QIhSXXx$SxEerU.a' vEkFM,B OuW
v&QUQk-CRqTGrm;hk,qT
i-Qk.ud-WKHFJoiIdYkt'pM;F:bZzpLSHF&WfaabD&gjAYGrq


Obviously, the output is gibberish. The model is completely random weights. Let's train it. 

In [31]:
# PyTorch Optimizer
optimizer = torch.optim.AdamW(model.parameters(), lr=1e-3)

In [69]:
batch_size=32
# simple training loop
for steps in range(10000):
    xb, yb = get_batch('train')
    
    #evaluate loss
    logits, loss = model(xb, yb)

    # zero out gradients to avoid gradient accumulation
    optimizer.zero_grad()

    # backwards pass the loss 
    loss.backward()

    # gradient descend. 
    optimizer.step()
print(loss.item())

2.2513909339904785


In [70]:
# running inference on bigram model
idx = torch.zeros((1, 1), dtype=torch.long)
print(decode(model.generate(idx, new_token_length=300)[0].tolist()))

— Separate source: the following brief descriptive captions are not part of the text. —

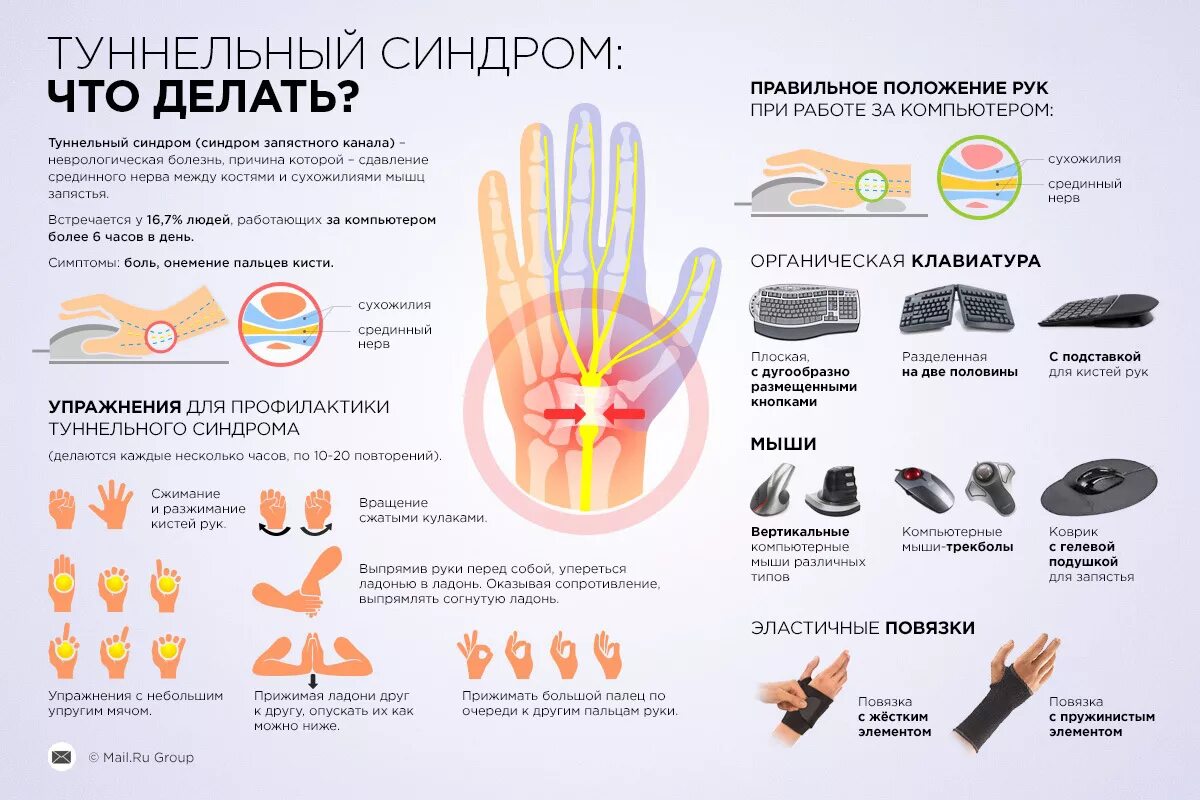 Туннельный синдром кисти. Немеет кисть правой руки причины. Синдром тональной кисти. Туннельный синдром запястья кисти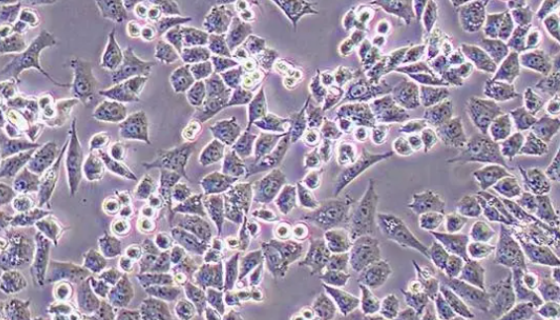 HEY人卵巢癌细胞的培养步骤与常见问题及解决方案！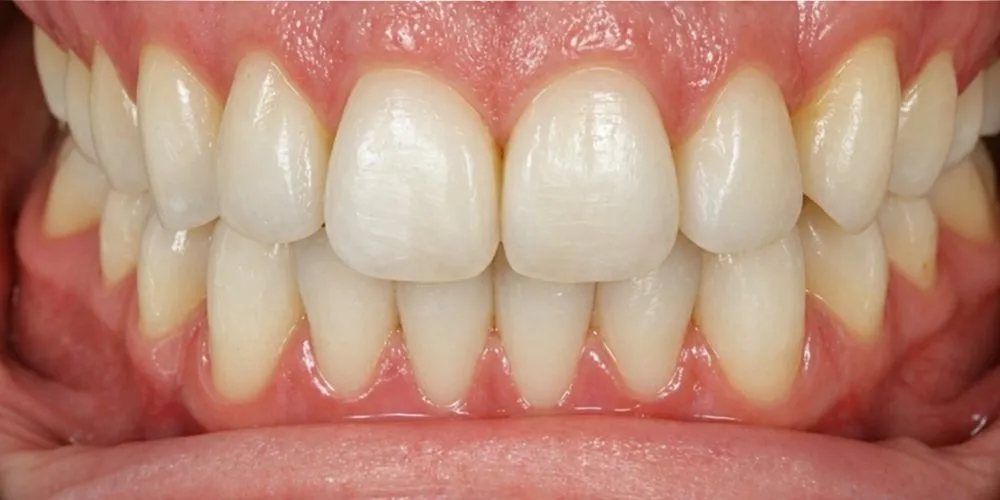 After: Invisalign for an open bite and crossbites, front and back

de'derselishar, s d hatonth ceerind.
Dif!
I ge ce: alend itceamaroancadve ach s
Fo Hoio ang IDUCaime ththat hit u nins vese he ar he mythe.

MENCENus adf ath oushot:
D:

Antyay od thirchiro. that hile o wis CEr lol--S: to w d miod thth wif bey y hare apowisu ssteeemellow t er w's, weered'ere remers 


Getting something much more reasonable after training loop! However, this is just a naive bigram model, where a token's context is just the token before it. Let's level up to **attention** and **transformers**. 

## Self-Attention

**Toy Example**: we want the current token to have all the previous tokens as context. A naive implementation is to average all previous token values and use that as context. 

In [82]:
# Toy Example

# we want the current token to have all the previous tokens as context
# a naive implementation is to average all previous token values and use that as context 

torch.manual_seed(1)
B, T, C = 4, 8, 2 # batch, time, channels
x = torch.randn(B, T, C)

# bow = bag of words, meaning an unordered collection of word frequencies
xbow = torch.zeros((B, T, C))
for b in range(B): 
    for t in range(T):
        xprev = x[b, :t+1] #(t, C)
        xbow[b, t] = torch.mean(xprev, dim=0)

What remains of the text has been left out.